Climate change will accelerate mass extinction. Some species now protected will become endangered because the climates of their refuges will be inadequate to support their populations.
Reconciliation ecology faces these problems by re-engineering anthropogenic human-occupied habitats so that they also support a defined list of wild species.
Results/Conclusions We work in metropolitan Tucson, Arizona to start valley-wide efforts at reconciliation ecology. We set up an effective urban breeding-bird census. We determined how we can use aggressive behaviors of hummingbirds to enhance local diversities. We work with schools and neighborhoods to get projects started. And, using the 300-species flora of the world's oldest restoration ecology project, the Tumamoc Hill Ecological Reservation, we designed an n-dimensional method based on minimum-spanning trees to assemble a reasonable candidate set of native species for reconciliation. Trees are pruned to adapt candidate sets to specific slopes, aspects, soils, etc. They can target particular species and build assemblages suitable for deployment in a wide variety of human landscapes. Thus trees allow us to select what we want from a large array of possibilities.

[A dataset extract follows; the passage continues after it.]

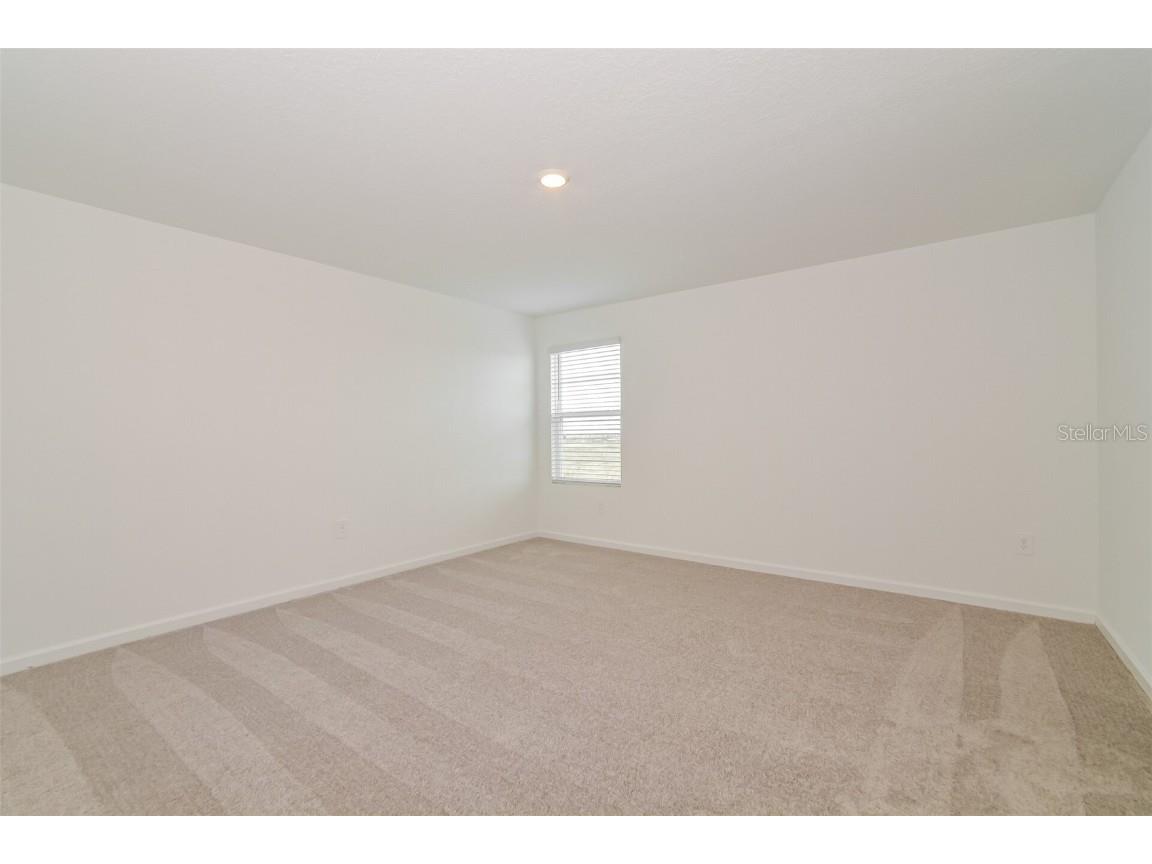 3028 W Chicago Avenue Haines City FL 33844 O6368644 image13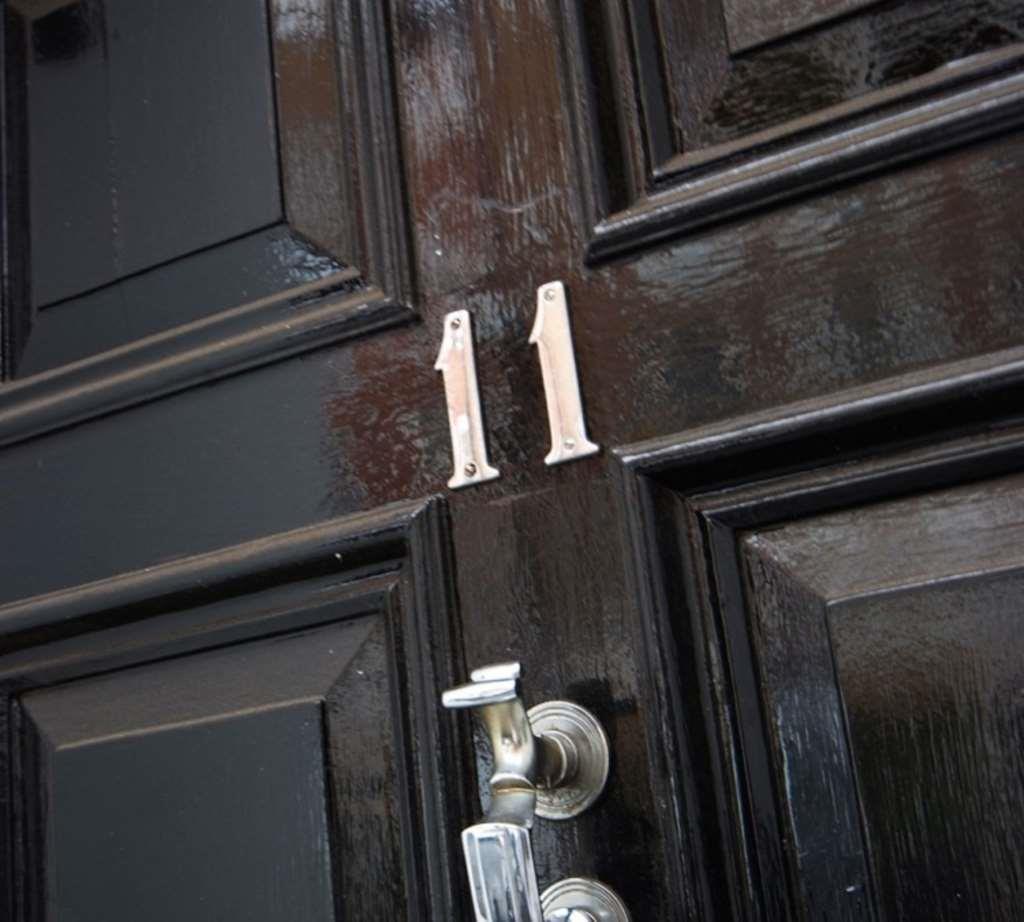 Property Image a2233a34-e11d-4069-b915-4f8854aff06e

As reconciliation grows in scope, it will fill in the geographical gaps into which climate change will plunge some species. Not facing such gaps, many species will be able to shift their ranges continuously and avoid at least some of the challenges posed by climate change.
Although urban and suburban habitats constitute only a small proportion of the land, we must work hard to reconcile them, too, just as we do in our farms and ranchlands. The results will re-integrate people and nature, producing environments that evoke a vacation in a National Park but actually are embedded in our everyday lives. Conservation requires political will and by working in places where most people live, reconciliation ecology can generate that will and become a major player in averting mass extinction.